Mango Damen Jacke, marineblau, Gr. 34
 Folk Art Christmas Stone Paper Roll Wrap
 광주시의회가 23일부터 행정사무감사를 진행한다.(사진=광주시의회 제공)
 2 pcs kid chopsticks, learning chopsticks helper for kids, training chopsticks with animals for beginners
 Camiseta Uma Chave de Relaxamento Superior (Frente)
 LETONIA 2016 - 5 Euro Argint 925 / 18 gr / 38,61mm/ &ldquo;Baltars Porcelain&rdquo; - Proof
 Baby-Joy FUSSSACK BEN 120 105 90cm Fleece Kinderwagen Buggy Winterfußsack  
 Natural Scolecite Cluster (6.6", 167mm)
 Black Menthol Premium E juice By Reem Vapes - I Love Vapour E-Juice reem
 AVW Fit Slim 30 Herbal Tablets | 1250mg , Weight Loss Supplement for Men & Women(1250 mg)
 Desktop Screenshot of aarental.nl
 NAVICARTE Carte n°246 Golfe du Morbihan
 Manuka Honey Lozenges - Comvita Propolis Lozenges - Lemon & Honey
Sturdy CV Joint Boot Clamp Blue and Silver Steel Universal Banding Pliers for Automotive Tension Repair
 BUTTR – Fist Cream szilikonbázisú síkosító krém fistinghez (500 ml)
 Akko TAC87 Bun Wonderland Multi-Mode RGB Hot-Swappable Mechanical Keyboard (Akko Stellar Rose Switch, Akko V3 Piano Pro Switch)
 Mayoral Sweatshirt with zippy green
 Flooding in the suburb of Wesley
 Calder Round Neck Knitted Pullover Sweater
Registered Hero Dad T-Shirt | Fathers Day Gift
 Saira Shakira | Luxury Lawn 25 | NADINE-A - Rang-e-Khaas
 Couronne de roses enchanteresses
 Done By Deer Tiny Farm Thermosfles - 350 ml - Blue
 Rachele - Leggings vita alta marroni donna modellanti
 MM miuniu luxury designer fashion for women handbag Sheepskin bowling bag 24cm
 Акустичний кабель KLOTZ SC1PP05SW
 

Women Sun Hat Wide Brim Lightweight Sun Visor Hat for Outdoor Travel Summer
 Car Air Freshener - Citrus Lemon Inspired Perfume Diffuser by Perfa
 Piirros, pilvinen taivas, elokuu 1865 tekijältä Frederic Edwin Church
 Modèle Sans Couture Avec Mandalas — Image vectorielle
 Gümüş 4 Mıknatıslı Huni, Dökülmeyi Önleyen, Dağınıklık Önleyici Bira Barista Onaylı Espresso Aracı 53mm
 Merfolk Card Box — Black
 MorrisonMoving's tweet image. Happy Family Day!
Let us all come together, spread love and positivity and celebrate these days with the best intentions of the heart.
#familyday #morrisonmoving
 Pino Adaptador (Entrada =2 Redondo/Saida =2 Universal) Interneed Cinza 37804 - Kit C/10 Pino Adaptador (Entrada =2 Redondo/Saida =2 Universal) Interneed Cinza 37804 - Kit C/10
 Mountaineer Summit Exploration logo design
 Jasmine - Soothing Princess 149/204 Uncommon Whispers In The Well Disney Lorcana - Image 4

_ _ _ _ _

What you retype should run from the first line of the entries above through the line containing "BUTTR – Fist", exactly and in full.

Mango Damen Jacke, marineblau, Gr. 34
 Folk Art Christmas Stone Paper Roll Wrap
 광주시의회가 23일부터 행정사무감사를 진행한다.(사진=광주시의회 제공)
 2 pcs kid chopsticks, learning chopsticks helper for kids, training chopsticks with animals for beginners
 Camiseta Uma Chave de Relaxamento Superior (Frente)
 LETONIA 2016 - 5 Euro Argint 925 / 18 gr / 38,61mm/ &ldquo;Baltars Porcelain&rdquo; - Proof
 Baby-Joy FUSSSACK BEN 120 105 90cm Fleece Kinderwagen Buggy Winterfußsack  
 Natural Scolecite Cluster (6.6", 167mm)
 Black Menthol Premium E juice By Reem Vapes - I Love Vapour E-Juice reem
 AVW Fit Slim 30 Herbal Tablets | 1250mg , Weight Loss Supplement for Men & Women(1250 mg)
 Desktop Screenshot of aarental.nl
 NAVICARTE Carte n°246 Golfe du Morbihan
 Manuka Honey Lozenges - Comvita Propolis Lozenges - Lemon & Honey
Sturdy CV Joint Boot Clamp Blue and Silver Steel Universal Banding Pliers for Automotive Tension Repair
 BUTTR – Fist Cream szilikonbázisú síkosító krém fistinghez (500 ml)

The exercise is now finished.